3. Ne’ mancano, nella giurisprudenza di legittimita’, pronunzie che, pur non affrontando la specifica questione, hanno risolto questioni similari applicando analoghi principi.
Ad esempio si e’ affermato che l’esecuzione di un ordine di carcerazione originariamente legittimo ma relativo ad una pena risultante estintasi, in ragione del lungo arco temporale intercorso tra l’emissione del titolo e la sua esecuzione, determina l’ingiustizia della detenzione sofferta e, dunque, la configurabilita’ del diritto all’equa riparazione (Sez. 4, n. 45247 del 20/10/2015, Myteveli, Rv. 264895: in motivazione la S.C. ha affermato che l’ordine di esecuzione non poteva piu’ considerarsi efficace, pur in assenza di un’espressa declaratoria di estinzione della pena, per la doverosa diretta applicazione dell’articolo 172 c.p.).

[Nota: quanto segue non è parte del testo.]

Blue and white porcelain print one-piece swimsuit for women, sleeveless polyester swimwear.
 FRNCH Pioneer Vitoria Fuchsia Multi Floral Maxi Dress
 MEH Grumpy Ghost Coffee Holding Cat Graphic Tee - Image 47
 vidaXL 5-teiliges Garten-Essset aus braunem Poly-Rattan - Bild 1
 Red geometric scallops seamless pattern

Ancor piu’ di recente la Corte di legittimita’ ha affermato che la tardiva esecuzione dell’ordine di scarcerazione disposta per liberazione anticipata determina l’ingiustizia della detenzione sofferta fino alla concreta liberazione del detenuto e, pertanto, costituisce titolo per la domanda di riparazione (Sez. 4, n. 47993 del 30/09/2016, Pittau, Rv. 268617: nella fattispecie il ricorrente era stato scarcerato con oltre un mese di ritardo per la tardiva comunicazione al collegio procedente per la rideterminazione della pena dell’ordinanza del Tribunale di Sorveglianza che aveva concesso quarantacinque giorni di riduzione della pena per liberazione anticipata).
4. Conclusivamente, sulla base di un’interpretazione sistematica dell’istituto della riparazione per ingiusta detenzione, l’ordinanza impugnata va annullata con rinvio alla Corte d’appello di Bologna, che dovra’ provvedere in termini conseguenti sull’istanza dell’interessato. L’ammontare della somma spettante a titolo d’indennizzo dovra’ infatti essere determinato dalla Corte distrettuale tenendo conto del principio, affermato dalle Sezioni Unite, in base al quale la liquidazione dell’indennizzo, che va determinata conciliando il criterio aritmetico con quello equitativo, deve tenere conto del fatto che il grado di sofferenza cui e’ esposto chi, innocente, subisca la detenzione e’ di norma amplificato rispetto alla condizione di chi, colpevole, sia ristretto per un periodo eccessivo rispetto alla pena inflitta. Ne consegue che, se, in linea di principio, il diritto dell’innocente e’ da valutare in maniera privilegiata rispetto a quello del colpevole, tale conclusione non ha carattere assoluto, ed e’ compito esclusivo del giudice di merito considerare la peculiarita’ della situazione, adeguando la liquidazione alla specificita’ della fattispecie e motivando in modo puntuale sulla sua entita’ (vds la gia’ citata Sez. U, Sentenza n. 4187 del 30/10/2008, dep. 2009, Pellegrino, Rv. 241856).
P.Q.M.
Annulla l’impugnata ordinanza con rinvio alla Corte d’appello di Bologna per nuovo esame.